Please take the entries below from the first line through the line containing "Willa Royal Blue Floral Lace Crop Top" and repeat them exactly, leaving out everything after.

- _Entries provided_:

········

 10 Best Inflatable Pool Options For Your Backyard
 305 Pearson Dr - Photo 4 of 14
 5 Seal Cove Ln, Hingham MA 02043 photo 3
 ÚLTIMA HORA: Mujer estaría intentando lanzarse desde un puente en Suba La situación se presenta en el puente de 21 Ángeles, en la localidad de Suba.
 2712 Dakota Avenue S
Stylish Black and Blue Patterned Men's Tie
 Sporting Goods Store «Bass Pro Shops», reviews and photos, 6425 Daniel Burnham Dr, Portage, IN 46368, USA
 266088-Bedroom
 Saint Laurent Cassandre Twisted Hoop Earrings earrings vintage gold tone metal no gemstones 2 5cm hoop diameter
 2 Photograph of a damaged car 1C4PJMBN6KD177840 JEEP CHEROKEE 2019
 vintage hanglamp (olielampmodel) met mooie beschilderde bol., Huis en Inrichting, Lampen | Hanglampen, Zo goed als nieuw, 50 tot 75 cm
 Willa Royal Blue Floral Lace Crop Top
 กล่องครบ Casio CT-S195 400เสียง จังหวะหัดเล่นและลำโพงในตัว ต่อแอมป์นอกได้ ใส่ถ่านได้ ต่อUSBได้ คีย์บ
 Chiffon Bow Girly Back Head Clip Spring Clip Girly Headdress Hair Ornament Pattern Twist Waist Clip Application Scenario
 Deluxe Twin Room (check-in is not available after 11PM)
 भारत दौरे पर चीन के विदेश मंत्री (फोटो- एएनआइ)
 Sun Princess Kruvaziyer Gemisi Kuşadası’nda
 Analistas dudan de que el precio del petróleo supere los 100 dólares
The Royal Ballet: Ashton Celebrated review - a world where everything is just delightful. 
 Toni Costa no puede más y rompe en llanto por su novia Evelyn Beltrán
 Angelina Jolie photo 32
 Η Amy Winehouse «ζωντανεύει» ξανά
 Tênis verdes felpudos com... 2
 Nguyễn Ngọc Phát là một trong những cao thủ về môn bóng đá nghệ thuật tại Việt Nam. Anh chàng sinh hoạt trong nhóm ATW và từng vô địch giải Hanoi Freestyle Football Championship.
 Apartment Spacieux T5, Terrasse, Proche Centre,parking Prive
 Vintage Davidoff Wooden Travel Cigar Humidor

········

- _Task response_:
 10 Best Inflatable Pool Options For Your Backyard
 305 Pearson Dr - Photo 4 of 14
 5 Seal Cove Ln, Hingham MA 02043 photo 3
 ÚLTIMA HORA: Mujer estaría intentando lanzarse desde un puente en Suba La situación se presenta en el puente de 21 Ángeles, en la localidad de Suba.
 2712 Dakota Avenue S
Stylish Black and Blue Patterned Men's Tie
 Sporting Goods Store «Bass Pro Shops», reviews and photos, 6425 Daniel Burnham Dr, Portage, IN 46368, USA
 266088-Bedroom
 Saint Laurent Cassandre Twisted Hoop Earrings earrings vintage gold tone metal no gemstones 2 5cm hoop diameter
 2 Photograph of a damaged car 1C4PJMBN6KD177840 JEEP CHEROKEE 2019
 vintage hanglamp (olielampmodel) met mooie beschilderde bol., Huis en Inrichting, Lampen | Hanglampen, Zo goed als nieuw, 50 tot 75 cm
 Willa Royal Blue Floral Lace Crop Top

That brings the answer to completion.